NEJAC was created under the Federal Advisory Committee Act (FACA) of 1972. Since it is chartered as a discretionary council (not a statutory council), NEJAC must be re-chartered every other year, arguing again and again that the expert advice obtained through NEJAC cannot be obtained from within the EPA itself.
Organizational Structure, Funding and Participant Selection
NEJAC is made up of 25 members and one Designated Federal Official (DFO), who serve on a parent council (the Executive Council or Council) that has seven Subcommittees. Members are selected from among community-based groups (4 members); academic and educational institutions (4); State and local governments (3); industry and business (3); Federally recognized Tribes and Indigenous groups (3); and non-governmental (4) and environmental groups (4) as deemed appropriate.

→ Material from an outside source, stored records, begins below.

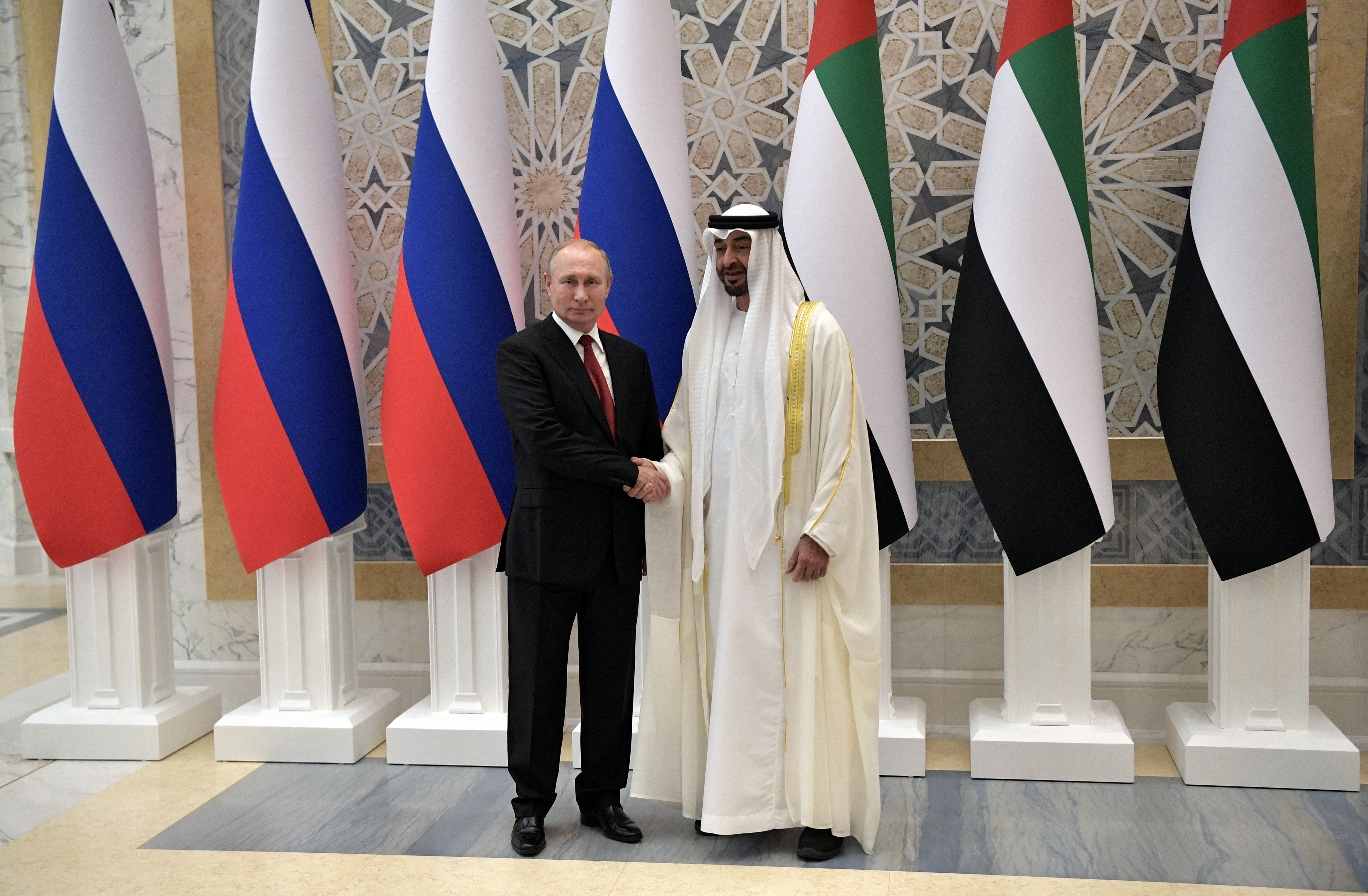 Russian President Vladimir Putin and Abu Dhabi Crown Prince Mohamed bin Zayed al-Nahyan shake hands in Abu Dhabi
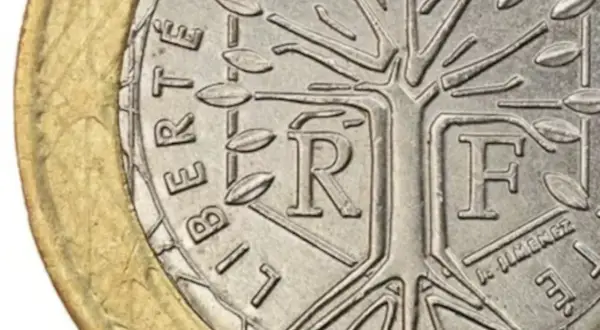 Detalle de una moneda de la República Francesa con un árbol estilizado y las letras "R" y "F".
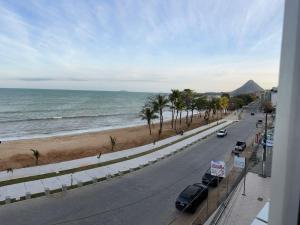 a view of a street and the ocean from a balcony at Vista Mar em PIÚMA in Itapitanga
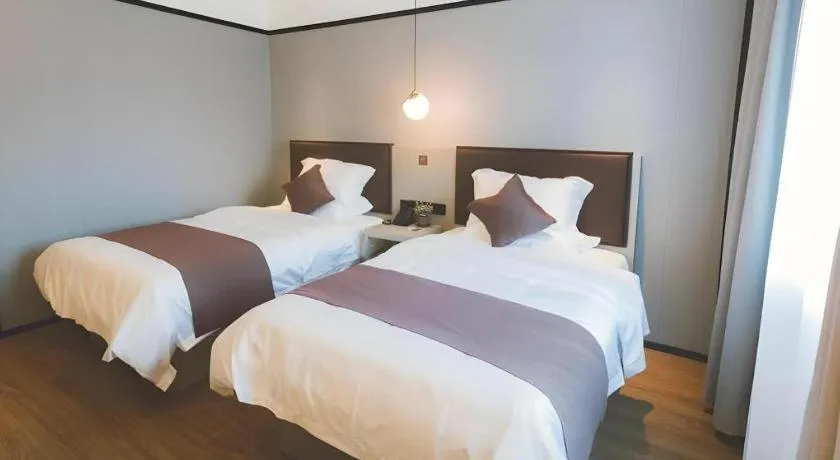 Bed in GYA Shanghai Jiangpu Hotel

As for any discretionary FACA program, the government official who requests the program serves as the Administrator of the program. That Administrator selects the DFO, who will directly oversee the Executive Council and serve as a conduit to the Administrator for recommendations from NEJAC.
Along with the NEJAC Executive Council members who fill Subcommittee posts, an additional 39 individuals serve on the various Subcommittees. The Subcommittees are Air & Water, Enforcement, Health & Research, Indigenous Peoples, International and Waste/Facility Siting, and they are each sponsored by a program office (the Enforcement Subcommittee is sponsored by the Office of Enforcement and Compliance Assurance, for example). In addition to these six Subcommittees, NEJAC has established a Protocol Committee which consists of the chair of NEJAC and the chairs of each Subcommittee.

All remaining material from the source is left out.